It’s important to me that I create an environment where team members feel empowered to take ownership, contribute unique perspectives, and grow. That’s where the real magic happens.
IR: You have been with Amazon for over a decade. How has your approach to leadership evolved over time as you have progressed throughout the company?
AM: My leadership approach has undergone a transformation that I believe mirrors my personal growth and Amazon’s growth in Australia. It has been shaped by transitioning from hands-on execution to leading multiple teams. Early in my career, I reviewed every technical and business design. Now, I’ve built a robust design review framework that allows teams to uphold high standards while making independent decisions.
Instead of solving every problem myself, I focus on enabling and supporting my teams to solve complex challenges while maintaining Amazon’s culture of operational excellence. This shift, from being an individual contributor to a leader who empowers others, has multiplied my impact. I’ve learned that trusting my teams to make informed decisions, while providing the right mechanisms for guidance and accountability, is essential to driving innovation and long-term success.
As Amazon continues to evolve, I will reflect this by continuously adapting my leadership style. Growth requires not only scaling processes, but also developing as a leader, being open to feedback, refining how I support my teams, and staying ahead of what the business needs next.
IR: Do you have any particular soft skills that at one point you may not have placed any value on but now see as a professional asset?
AM: The ability to influence without direct authority is a skill I once underestimated but now recognise as critical. Amazon operates in a matrix model, meaning employees often work across multiple teams and functions rather than within rigid hierarchies.

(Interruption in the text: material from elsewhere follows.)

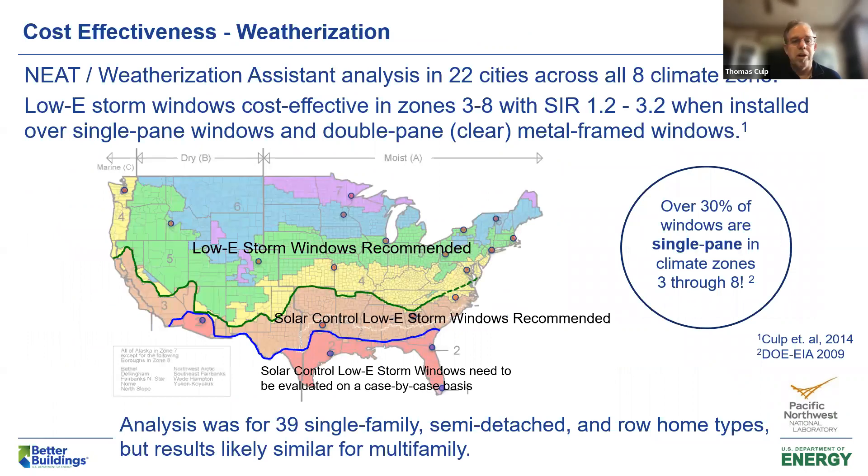On the weatherization side, using software used by many states for weatherization qualifications across all climate zones and looking at the savings-to-investment ratio (SIR) — which must be greater than one to qualify for weatherization programs — low-E storm windows were found to be cost-effective with very good SIR numbers in climate zones 3 through 8, basically south-central all the way up north, when installed over single-pane windows and double-pane metal frame windows.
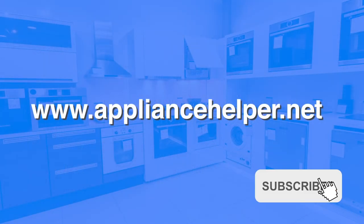If you found this video helpful, please give it a like and subscribe to the Appliance Helper's channel for more videos.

This makes the ability to communicate, influence, and collaborate across groups essential for success. In Amazon’s unique structure, stakeholders and decision-makers often sit across different teams, and success depends on earning trust and aligning priorities.
Early in my career, I relied on data and technical expertise alone, expecting logic to win arguments. Over time, I learned that driving results requires more than just the right answer. For me and my team, I’ve found that there are four areas that help us succeed:
Building trust networks across teams
Crafting compelling written narratives that clearly articulate the ‘why’ and ‘so what’ behind proposals
Understanding concerns and constraints from different perspectives and finding common ground
Aligning diverse teams around shared goals, even when priorities might initially seem misaligned.
I think the significance of a skill like influencing is often overlooked. It can be critical to the success of projects or day-to-day work. I aim to help my teams improve this skill through intentional practice, actively seeking opportunities to engage with different teams and trying to understand your stakeholders’ motivations and constraints. The more you practise navigating these dynamics and being truly curious, the more natural and effective it becomes.
I think mastering these skills has made me a more effective leader and has enabled my teams to operate with greater autonomy while delivering results.
IR: Were there any roles you held early in your career that, with hindsight, you now see set you up for success?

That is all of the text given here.